The remaining 234 went vacant. That is vacancy on 25% of expiring leases.
So how is occupancy still 98.7%?
Well, O sold 222 vacant properties in 2024 and once a property is sold it is no longer counted as vacant. The sale of vacancy seems to be accelerating with a substantial number sold in the 4th quarter, per Sumit Roy’s (O’s CEO) commentary on the earnings call:
To that end, in the fourth quarter, we sold 80 properties for total net proceeds of $138 million of which $50 million was related to vacant properties.
Selling vacant assets is an entirely normal thing for a triple net REIT to do. The problem here is just how many vacant assets they had.
We believe more vacancies are on the horizon with a slew of troubled tenants:
On the same Q4’24 earnings call, Sumit Roy discussed their increased provision for credit loss:
Our forecast includes a provision for 75 basis points of potential rent loss as well as an impact from the move out of a large office tenant.
Beyond the troubled office, O gets a significant portion of its revenues from troubled retailers.
- Walgreens – 3.3%
- CVS – 1.2%
- AMC 1.1%
Putting it into context
Triple nets naturally grow over time from escalators built into their leases and rolling rental rates up upon renewal.
These gradual gains are offset by property failures such as tenant bankruptcy or failure to find a new tenant upon lease expiry. Most triple nets are highly diversified, with thousands of individual properties and vast tenant rosters.
In any given year, a few of the properties will almost always fail, yet the net impact should be positive because the escalators on the overwhelming majority of succeeding properties outweigh the few that fail. As such, the organic growth rate of a triple net REIT is largely determined by the portion of their properties that are succeeding relative to the vacancies.
O, due to its aggressive pursuit of near-term AFFO in the form of buying portfolios, including junky properties, has set itself up to have a higher portion of its assets struggling. We showed the 25% vacancy on expiring leases and the multitude of currently troubled tenants.
With a higher internal property failure rate, O’s organic growth is likely to lag behind that of peer triple nets.
In contrast, BNL and WPC sacrificed some short-term growth in 2022 through 2024 by disposing of weakness and shoring up their balance sheets. Getting rid of weak assets is almost always dilutive in the near term because weak properties or properties with weak tenants sell at high cap rates, making it a negative spread initially. However, this sort of quality enhancement improves long-term growth rates.
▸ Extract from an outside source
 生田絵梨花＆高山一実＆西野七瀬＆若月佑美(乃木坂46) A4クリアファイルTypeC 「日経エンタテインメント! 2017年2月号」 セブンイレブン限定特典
This will show up as leases roll over. A higher percentage of tenants will renew, and rent roll-ups are likely to be larger. They have positioned themselves for stronger forward organic growth.
O’s myopic focus on immediate term AFFO/share shows up in the way they look at acquisitions. Much of the last 2 earnings calls were devoted to talk about the private fund business O is setting up. When asked about which acquisitions would go to the fund and which would go to O, Sumit Roy drew the distinction based on going in spreads.
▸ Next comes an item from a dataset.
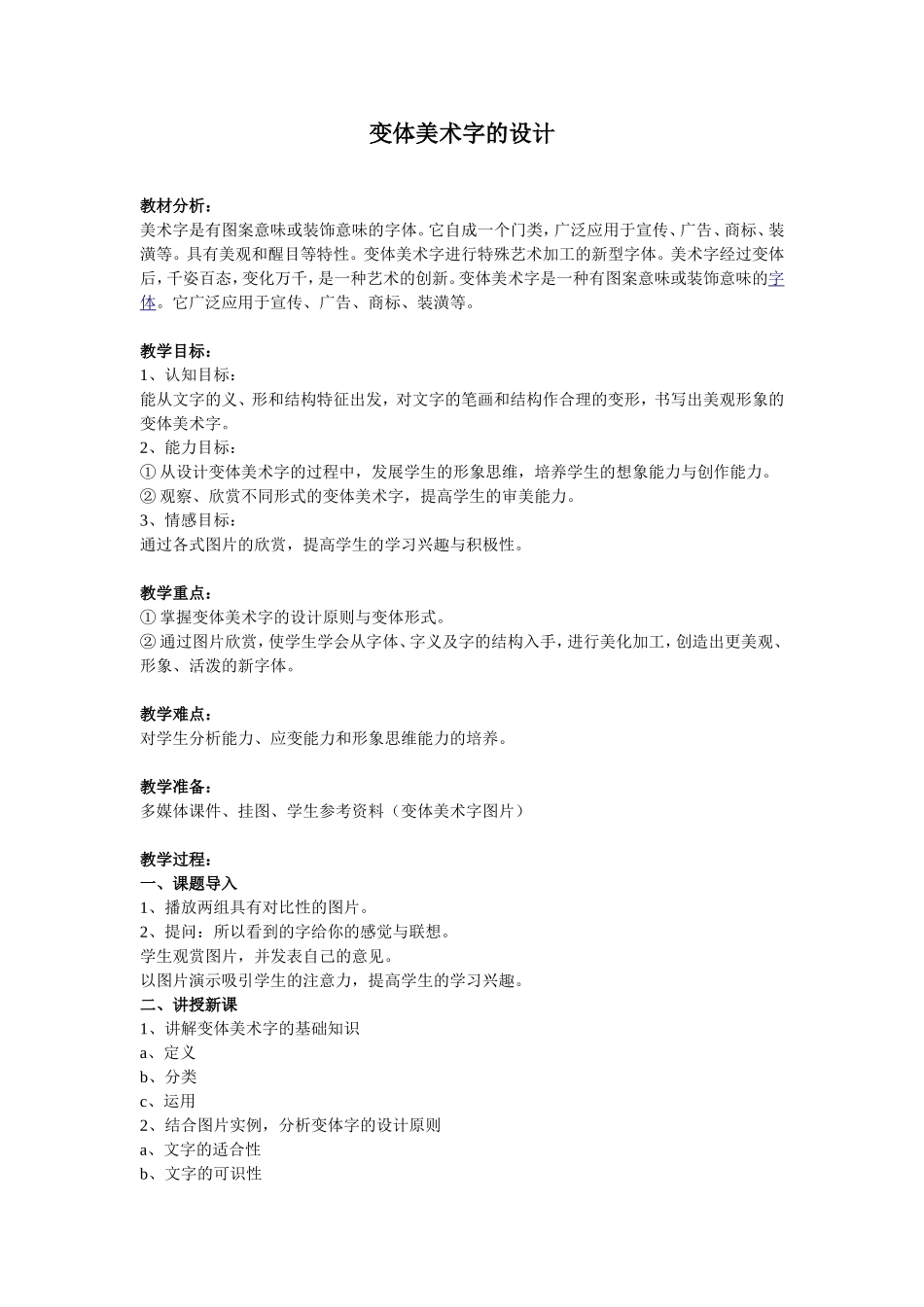 变体美术字的设计_第1页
Because there were certain transactions we chose to walk away from, which checked almost all the boxes except for the initial spread that we need to be able to do things on balance sheet. That is why we say that the fund business is complementary.
Essentially, O is not buying anything that doesn’t have an immediately accretive spread, even if the property looks promising in the longer term.
O got its near-term AFFO/share growth in the 2022-2024 period, but fundamentals suggest its growth will substantially lag that of peers going forward. As such, I continue to believe O is overvalued relative to peers, even as it trades in the middle of the pack.
This is not some sort of doomsday forecast. O is a large company with a highly diversified portfolio. It has positive cashflows and high margins. O is quite likely to generate a positive return to shareholders. I simply think the return will be disappointing compared to that of peers, which are better positioned for future growth due to their quality improvements of the past few years.